◆ **PROBLEM DESCRIPTION**:
With the pictures omitted, print exactly the lines below, from the one containing "Koszulka adidas Future Tee H49660" through the one containing "Used 2011 AT toyota alphard ANH20W Image[28]", and nothing else.

RECORDS FOR THE EXERCISE START

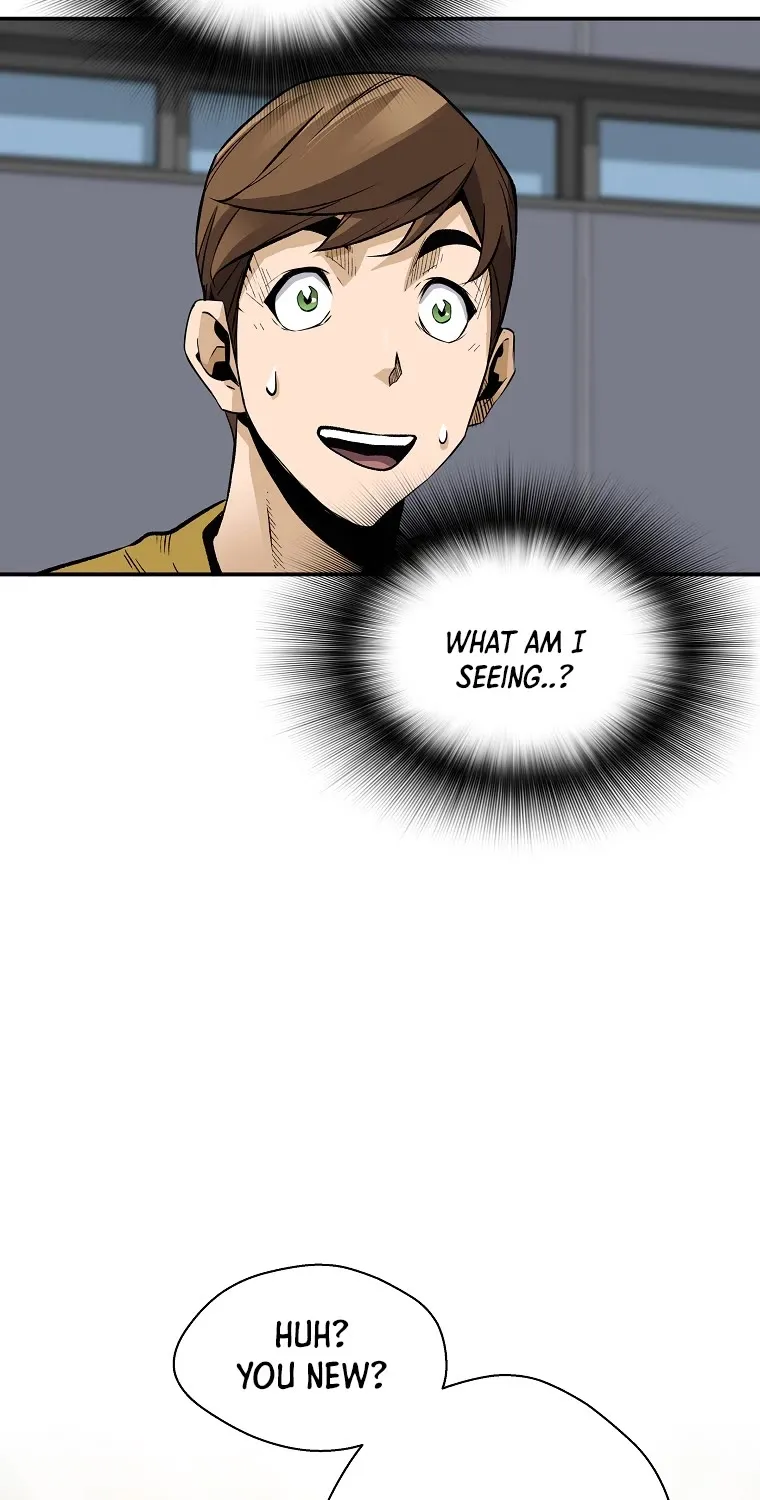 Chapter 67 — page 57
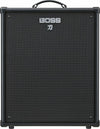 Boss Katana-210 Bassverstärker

RECORDS FOR THE EXERCISE END
RECORDS FOR THE EXERCISE START

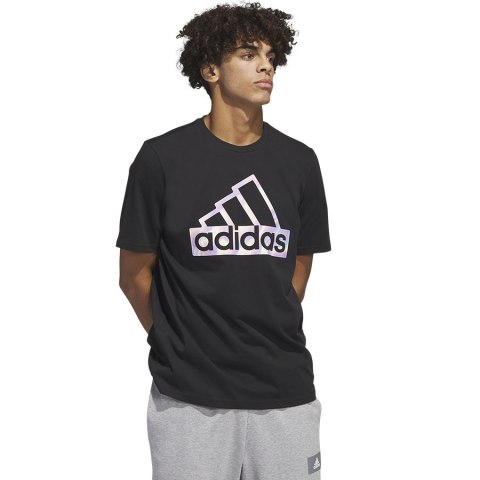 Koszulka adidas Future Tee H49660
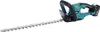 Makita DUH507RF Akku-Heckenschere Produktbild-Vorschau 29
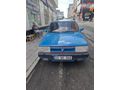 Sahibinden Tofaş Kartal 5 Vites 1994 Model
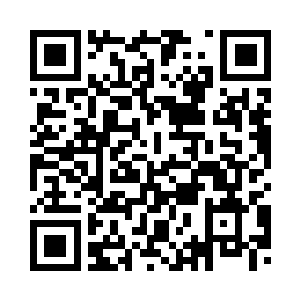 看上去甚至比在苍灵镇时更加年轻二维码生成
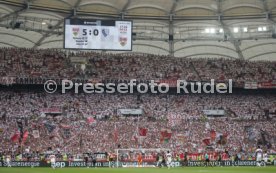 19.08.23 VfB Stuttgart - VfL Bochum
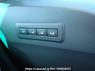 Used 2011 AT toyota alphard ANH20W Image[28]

RECORDS FOR THE EXERCISE END

◆ **ANSWER BOX**:
 Koszulka adidas Future Tee H49660
 Makita DUH507RF Akku-Heckenschere Produktbild-Vorschau 29
 Sahibinden Tofaş Kartal 5 Vites 1994 Model
 看上去甚至比在苍灵镇时更加年轻二维码生成
 19.08.23 VfB Stuttgart - VfL Bochum
 Used 2011 AT toyota alphard ANH20W Image[28]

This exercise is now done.